A tiny probabilistic structure that answers "have I seen this?" using a fraction of the memory — at the cost of occasional false positives.


The problem

You want to ask “is X in this set?” — but the set is huge (billions of items) and keeping it all in memory (or hitting disk for every check) is too expensive. A Bloom filter answers membership using a tiny, fixed amount of memory, by accepting one specific kind of error.

The guarantee (and the catch)

A Bloom filter tells you one of two things:

  • “Definitely not in the set” — always correct. No false negatives.
  • “Possibly in the set” — usually right, but sometimes wrong. False positives are possible.

So a no is the truth; a yes means “probably — go check the real store.” That asymmetry is exactly what makes it useful as a cheap pre-filter.

How it works

A bit array plus k independent hash functions:

  • Add(x): hash x with all k functions, set those k bits to 1.
  • Query(x): hash x the same way; if any of those bits is 0, x is definitely absent. If all are 1, it’s probably present (those bits could have been set by other items — that’s the false positive).

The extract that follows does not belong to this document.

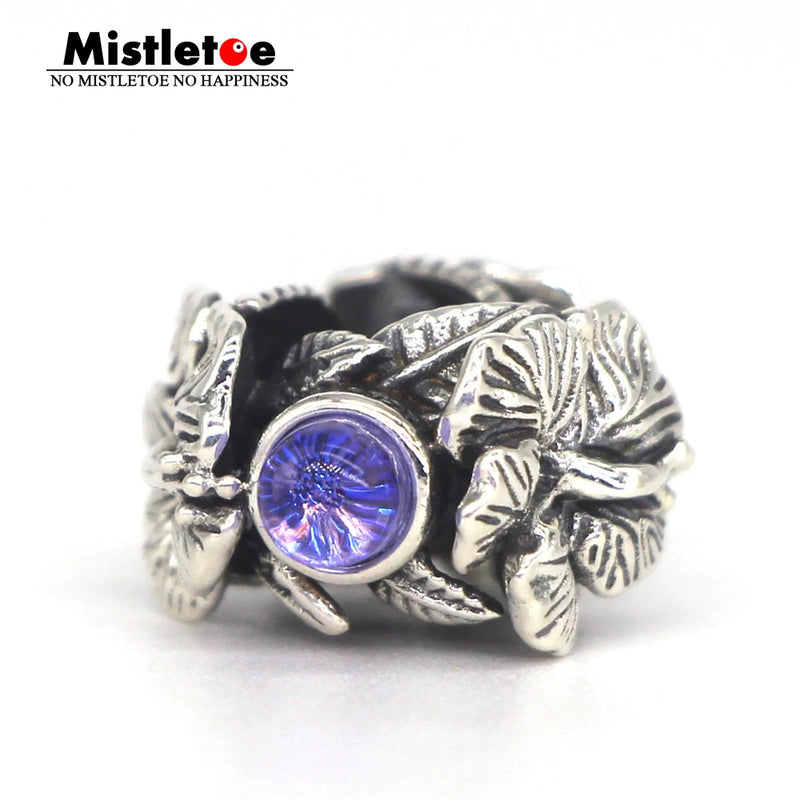 925 Silver Hibiscus Spacer Charm Bead for Troll 3.0mm Bracelet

You can’t delete (clearing bits could break other items), and the false-positive rate rises as it fills. You trade memory for accuracy: more bits and well-chosen k → fewer false positives.

Why it’s worth it

To check membership against a billion items, a hash set might need many GB; a Bloom filter with a 1% false-positive rate needs only a few bits per item — often megabytes total. The win is using it to avoid expensive work: a no skips a disk read or network call entirely, and a yes is just confirmed against the real store.

Where it shows up

  • Databases (Cassandra, HBase, RocksDB) — before reading an SSTable from disk, a Bloom filter says whether the key might be there, skipping pointless disk reads on a miss.
  • Caches / CDNs — “is this worth caching yet?” (only cache on the second request).
  • Web crawlers — “have we already seen this URL?” without storing every URL in memory (its own appearance in Chapter 4).
  • Account/username checks, malicious-URL filters — fast reject of the common case.

The interview cue

When a design needs a fast existence check against a massive set and can tolerate a confirming lookup on a maybe, name a Bloom filter. The framing to say out loud: “a Bloom filter in front lets a no skip the expensive store entirely; a yes falls through to verify.” That’s the whole value in one sentence.